The town stands on the River Darwen, which flows from south to north and is seen in parks in the town centre and next to Sainsbury's located in the town centre.
Darwen's name is Celtic in origin. In Sub Roman Britain it was within the Brythonic kingdom of Rheged, a successor to the Brigantes tribal territory. The Brythonic language name for oak is derw and this is etymologically linked to Derewent (1208), an ancient spelling for the River Darwen. Despite the area becoming part of the Anglo-Saxon Kingdom of Northumbria by the mid-8th century, its Brythonic name was never supplanted by an Old English place name.[citation needed]
The area around Darwen has been inhabited since the early Bronze Age, and the remains of a round barrow from approximately 2000 BCE have been partially restored at the Ashleigh Barrow in Whitehall. The barrow had ten interments, nine of which were Collared Urn burials. As well as human remains, items found at the barrow included a bronze dagger some 7.5 inches in length, a flint thumb scraper, a sub-plano-convex knife and a clay bead. Copies of the Collared Urns may be seen at the Darwen Library.
The Romans once had a force in Lancashire, and a Roman road is visible on the Ordnance Survey map of the area. Medieval Darwen was tiny and little or nothing survives. One of the earliest remaining buildings is a farmhouse at Bury Fold, dated 1675. Whitehall Cottage is thought to be the oldest house in the town, and was mostly built in the 17th and 18th centuries but contains a chimney piece dated 1557.
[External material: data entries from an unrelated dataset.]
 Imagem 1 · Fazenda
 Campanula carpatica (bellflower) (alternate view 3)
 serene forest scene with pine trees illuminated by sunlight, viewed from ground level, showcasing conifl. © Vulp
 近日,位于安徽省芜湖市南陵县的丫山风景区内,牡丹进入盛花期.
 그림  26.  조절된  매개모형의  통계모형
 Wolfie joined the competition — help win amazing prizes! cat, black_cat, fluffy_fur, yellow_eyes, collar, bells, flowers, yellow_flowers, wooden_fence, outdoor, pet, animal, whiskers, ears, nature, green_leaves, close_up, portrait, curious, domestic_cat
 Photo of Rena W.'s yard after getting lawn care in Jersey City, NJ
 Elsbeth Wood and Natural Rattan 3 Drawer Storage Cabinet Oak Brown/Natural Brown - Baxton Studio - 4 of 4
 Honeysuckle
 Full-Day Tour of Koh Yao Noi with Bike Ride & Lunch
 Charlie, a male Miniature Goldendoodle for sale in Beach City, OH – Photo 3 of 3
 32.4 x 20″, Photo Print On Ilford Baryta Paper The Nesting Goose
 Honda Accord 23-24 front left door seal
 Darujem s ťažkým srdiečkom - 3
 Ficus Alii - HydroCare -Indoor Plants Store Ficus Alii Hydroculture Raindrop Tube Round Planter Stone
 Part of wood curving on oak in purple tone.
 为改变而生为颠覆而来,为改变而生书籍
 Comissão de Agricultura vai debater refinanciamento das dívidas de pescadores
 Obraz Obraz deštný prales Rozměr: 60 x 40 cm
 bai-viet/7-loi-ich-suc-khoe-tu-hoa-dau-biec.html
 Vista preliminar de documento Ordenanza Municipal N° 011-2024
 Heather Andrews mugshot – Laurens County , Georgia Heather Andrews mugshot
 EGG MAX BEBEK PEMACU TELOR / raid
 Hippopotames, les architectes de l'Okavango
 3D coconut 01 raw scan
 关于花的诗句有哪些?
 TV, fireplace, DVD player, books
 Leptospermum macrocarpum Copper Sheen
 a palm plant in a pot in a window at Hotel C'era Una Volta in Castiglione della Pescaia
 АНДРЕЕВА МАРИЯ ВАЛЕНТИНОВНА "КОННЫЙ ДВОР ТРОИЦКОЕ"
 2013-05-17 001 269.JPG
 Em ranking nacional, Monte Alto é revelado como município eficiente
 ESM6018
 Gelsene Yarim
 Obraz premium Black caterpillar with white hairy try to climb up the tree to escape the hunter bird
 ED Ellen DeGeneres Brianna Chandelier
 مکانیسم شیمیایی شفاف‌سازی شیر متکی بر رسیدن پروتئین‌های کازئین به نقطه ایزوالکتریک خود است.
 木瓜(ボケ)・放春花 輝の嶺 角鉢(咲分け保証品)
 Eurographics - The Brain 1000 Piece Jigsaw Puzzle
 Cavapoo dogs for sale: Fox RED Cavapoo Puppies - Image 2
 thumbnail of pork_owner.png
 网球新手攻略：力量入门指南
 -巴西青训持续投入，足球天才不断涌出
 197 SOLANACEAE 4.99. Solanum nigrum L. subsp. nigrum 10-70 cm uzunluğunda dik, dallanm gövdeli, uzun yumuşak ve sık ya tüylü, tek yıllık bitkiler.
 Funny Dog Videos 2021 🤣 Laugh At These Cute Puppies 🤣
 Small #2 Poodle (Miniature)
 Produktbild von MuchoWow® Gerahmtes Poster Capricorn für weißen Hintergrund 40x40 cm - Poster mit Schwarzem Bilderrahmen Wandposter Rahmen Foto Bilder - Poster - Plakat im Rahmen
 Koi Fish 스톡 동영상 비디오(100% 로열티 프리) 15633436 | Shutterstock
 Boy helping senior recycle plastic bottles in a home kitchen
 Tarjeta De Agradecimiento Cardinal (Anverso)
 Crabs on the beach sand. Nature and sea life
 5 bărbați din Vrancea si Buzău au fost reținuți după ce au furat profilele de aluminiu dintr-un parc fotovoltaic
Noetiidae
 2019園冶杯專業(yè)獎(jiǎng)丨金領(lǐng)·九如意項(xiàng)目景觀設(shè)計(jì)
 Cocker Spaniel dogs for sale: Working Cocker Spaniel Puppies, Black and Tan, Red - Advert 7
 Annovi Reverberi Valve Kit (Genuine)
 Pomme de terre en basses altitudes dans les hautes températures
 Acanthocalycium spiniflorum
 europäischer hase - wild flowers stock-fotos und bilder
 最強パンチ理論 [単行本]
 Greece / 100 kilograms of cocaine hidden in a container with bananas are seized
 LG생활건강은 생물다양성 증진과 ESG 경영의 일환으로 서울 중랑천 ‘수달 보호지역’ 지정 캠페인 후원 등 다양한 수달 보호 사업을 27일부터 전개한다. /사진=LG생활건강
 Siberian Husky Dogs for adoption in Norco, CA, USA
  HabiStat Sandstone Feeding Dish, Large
Like many towns in Lancashire, Darwen was a centre for textile manufacture during the Industrial Revolution. Samuel Crompton, inventor of the spinning mule, lived there for part of his life. Rail links and the Leeds and Liverpool Canal arrived in the mid-19th century. The most important textile building in Darwen is India Mill, built by Eccles Shorrock & Company. The company was ruined, however, by the effects of the Lancashire Cotton Famine of the 1860s. Cotton manufacture was an important industry, and by 1907, the Darwen Weavers', Winders' and Warpers' Association had more than 8,000 members in the town.
In the early 1840s Eccles Shorrock created a large mill lodge (industrial reservoir) in what is now the lower part of Bold Venture Park by constructing a dam where Inverness Road now runs across the valley cut by Bold Venture Brook. In 1848, during a night of heavy thunder storms and torrential rain, water rushed down from the moors and the dam failed catastrophically. The water level dropped by 40ft almost instantly, and a wall of water swept down into the town centre, doing considerable damage and drowning a number of poor people who slept in cellars under shops and houses in the Market Street area.
Much of the town was built between about 1850 and 1900; placenames, date stones in terraces, and the vernacular architecture of cellars, local stone, locally made brick, pipework and tiles and leaded glass, the last now mostly gone, reflect this. It was one of the first places in the world to have steam trams.